*** Opening Data extract ***

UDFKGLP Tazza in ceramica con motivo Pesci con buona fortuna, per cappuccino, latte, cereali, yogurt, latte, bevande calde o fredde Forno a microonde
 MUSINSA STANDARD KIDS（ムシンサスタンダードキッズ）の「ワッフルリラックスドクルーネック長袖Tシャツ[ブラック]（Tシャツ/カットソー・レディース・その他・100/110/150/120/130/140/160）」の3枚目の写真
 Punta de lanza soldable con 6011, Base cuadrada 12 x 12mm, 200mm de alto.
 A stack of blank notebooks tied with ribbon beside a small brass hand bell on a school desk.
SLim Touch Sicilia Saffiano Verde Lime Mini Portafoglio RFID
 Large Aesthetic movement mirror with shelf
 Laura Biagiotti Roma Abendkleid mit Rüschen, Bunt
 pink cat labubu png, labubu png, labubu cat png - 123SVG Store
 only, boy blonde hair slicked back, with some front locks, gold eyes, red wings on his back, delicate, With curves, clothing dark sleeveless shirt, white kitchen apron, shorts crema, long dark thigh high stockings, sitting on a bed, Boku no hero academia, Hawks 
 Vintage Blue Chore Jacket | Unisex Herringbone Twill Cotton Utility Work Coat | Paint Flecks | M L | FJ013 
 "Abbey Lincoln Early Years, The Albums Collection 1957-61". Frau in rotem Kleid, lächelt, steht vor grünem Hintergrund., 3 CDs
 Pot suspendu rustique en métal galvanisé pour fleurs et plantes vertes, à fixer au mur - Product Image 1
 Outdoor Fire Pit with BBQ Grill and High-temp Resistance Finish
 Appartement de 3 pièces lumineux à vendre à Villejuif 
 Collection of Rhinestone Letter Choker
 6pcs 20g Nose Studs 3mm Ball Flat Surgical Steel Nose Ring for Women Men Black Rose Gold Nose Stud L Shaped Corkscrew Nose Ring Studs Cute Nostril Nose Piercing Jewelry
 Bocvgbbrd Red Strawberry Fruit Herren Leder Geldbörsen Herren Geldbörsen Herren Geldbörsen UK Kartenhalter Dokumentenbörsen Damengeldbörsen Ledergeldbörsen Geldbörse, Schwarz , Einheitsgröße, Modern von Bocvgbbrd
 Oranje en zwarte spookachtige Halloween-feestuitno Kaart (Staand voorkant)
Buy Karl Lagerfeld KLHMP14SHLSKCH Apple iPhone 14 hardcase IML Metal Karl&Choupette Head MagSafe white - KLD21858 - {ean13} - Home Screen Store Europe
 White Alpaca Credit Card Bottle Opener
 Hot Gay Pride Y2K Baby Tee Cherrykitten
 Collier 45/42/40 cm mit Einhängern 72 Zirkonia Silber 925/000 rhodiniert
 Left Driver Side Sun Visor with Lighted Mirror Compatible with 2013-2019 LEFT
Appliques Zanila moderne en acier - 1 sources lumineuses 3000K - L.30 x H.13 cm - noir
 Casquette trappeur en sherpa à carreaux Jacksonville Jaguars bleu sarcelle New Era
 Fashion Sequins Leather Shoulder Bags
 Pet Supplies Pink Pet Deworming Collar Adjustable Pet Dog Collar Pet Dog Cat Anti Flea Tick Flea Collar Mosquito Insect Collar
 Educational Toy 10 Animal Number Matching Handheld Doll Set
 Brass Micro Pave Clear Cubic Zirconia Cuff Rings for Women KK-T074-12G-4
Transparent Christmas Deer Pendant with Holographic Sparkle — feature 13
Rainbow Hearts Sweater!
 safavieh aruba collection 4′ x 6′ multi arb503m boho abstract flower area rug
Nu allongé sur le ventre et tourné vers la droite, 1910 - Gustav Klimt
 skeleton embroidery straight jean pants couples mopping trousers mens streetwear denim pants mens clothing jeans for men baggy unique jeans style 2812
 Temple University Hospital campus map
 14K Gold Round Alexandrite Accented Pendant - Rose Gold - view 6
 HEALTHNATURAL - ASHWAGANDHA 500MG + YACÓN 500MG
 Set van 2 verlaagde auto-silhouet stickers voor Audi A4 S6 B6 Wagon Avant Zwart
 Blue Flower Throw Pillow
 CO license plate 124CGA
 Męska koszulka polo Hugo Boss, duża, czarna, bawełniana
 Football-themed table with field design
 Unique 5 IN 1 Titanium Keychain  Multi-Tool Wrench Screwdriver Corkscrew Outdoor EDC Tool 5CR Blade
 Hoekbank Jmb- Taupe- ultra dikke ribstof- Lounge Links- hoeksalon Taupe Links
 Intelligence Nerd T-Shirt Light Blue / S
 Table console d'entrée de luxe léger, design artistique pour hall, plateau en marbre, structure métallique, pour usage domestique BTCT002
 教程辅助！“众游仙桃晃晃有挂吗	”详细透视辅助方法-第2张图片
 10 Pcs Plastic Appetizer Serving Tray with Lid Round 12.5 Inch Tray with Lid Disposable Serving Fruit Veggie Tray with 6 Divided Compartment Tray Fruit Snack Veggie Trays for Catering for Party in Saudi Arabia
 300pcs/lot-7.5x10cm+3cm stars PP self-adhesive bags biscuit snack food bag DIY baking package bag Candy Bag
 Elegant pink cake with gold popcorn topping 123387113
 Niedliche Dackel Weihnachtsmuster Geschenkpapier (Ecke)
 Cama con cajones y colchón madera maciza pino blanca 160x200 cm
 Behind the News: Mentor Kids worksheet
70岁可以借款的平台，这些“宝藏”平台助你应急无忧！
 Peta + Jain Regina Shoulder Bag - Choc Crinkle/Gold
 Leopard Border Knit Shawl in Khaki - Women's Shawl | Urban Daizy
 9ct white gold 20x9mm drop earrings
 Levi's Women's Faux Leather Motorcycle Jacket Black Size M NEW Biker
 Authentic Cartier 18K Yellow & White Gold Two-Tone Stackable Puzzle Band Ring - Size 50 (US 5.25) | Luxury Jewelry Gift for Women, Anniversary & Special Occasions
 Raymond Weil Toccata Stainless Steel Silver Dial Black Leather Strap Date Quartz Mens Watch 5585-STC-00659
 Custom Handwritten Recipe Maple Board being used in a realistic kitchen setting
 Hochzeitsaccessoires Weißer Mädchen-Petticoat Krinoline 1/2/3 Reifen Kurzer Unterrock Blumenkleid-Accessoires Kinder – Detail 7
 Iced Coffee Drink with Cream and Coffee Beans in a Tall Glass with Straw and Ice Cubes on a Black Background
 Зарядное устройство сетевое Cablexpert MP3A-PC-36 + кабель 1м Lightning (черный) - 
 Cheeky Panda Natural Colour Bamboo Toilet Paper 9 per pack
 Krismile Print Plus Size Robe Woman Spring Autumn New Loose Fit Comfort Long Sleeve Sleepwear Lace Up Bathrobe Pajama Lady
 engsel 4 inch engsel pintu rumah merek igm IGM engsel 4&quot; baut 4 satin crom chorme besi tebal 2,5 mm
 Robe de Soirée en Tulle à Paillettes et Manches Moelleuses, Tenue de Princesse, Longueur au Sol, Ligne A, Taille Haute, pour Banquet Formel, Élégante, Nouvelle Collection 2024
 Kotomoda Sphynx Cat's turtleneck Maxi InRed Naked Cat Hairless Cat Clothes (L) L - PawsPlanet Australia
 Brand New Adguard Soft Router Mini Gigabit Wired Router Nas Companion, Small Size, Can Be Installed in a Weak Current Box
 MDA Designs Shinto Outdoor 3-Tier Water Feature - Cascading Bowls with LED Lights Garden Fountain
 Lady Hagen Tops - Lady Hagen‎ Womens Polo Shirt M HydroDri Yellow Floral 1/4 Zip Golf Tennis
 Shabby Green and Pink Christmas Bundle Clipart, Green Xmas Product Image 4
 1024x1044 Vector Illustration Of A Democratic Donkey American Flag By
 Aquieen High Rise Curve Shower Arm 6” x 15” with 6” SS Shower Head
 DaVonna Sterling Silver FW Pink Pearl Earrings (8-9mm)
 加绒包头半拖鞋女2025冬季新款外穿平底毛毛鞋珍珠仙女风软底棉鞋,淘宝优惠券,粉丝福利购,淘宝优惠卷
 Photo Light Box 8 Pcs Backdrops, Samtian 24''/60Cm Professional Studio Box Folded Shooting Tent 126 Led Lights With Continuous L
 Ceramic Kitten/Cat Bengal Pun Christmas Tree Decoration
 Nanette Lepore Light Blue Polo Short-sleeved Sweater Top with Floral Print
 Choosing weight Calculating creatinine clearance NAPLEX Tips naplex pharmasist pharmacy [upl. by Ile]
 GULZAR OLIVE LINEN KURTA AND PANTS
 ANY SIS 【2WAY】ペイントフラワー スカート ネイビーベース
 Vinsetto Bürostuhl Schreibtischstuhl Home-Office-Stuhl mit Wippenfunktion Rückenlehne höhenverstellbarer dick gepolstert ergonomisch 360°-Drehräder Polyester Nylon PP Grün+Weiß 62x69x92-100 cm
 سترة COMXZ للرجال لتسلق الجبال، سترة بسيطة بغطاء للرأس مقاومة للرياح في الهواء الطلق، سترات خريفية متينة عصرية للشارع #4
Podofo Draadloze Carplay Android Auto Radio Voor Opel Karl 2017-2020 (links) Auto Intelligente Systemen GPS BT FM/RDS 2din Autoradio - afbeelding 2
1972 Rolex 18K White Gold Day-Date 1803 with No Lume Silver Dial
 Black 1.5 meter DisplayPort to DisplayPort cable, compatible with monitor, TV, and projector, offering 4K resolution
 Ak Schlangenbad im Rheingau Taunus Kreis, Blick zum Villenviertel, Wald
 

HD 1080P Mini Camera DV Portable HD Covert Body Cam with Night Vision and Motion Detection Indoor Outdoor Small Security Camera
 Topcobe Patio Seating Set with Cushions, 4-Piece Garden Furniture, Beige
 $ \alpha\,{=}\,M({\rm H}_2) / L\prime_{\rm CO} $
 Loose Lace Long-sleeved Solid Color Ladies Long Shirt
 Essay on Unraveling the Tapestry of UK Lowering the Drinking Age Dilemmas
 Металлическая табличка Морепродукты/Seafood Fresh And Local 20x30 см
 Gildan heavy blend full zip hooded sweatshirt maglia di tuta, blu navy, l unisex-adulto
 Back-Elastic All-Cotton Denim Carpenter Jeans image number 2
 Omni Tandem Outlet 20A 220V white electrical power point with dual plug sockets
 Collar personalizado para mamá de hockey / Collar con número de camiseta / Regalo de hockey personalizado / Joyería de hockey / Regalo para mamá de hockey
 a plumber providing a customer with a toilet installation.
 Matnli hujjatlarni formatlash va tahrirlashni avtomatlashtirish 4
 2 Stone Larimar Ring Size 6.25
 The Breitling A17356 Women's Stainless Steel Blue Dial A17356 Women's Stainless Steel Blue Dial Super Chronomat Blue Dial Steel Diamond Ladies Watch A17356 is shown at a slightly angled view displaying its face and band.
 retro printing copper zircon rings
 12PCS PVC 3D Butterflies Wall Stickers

*** Closing Data extract ***

Directions – If a line in the entries contains the word "Silver", copy that line out.

Output for this task –
 Raymond Weil Toccata Stainless Steel Silver Dial Black Leather Strap Date Quartz Mens Watch 5585-STC-00659
 DaVonna Sterling Silver FW Pink Pearl Earrings (8-9mm)
1972 Rolex 18K White Gold Day-Date 1803 with No Lume Silver Dial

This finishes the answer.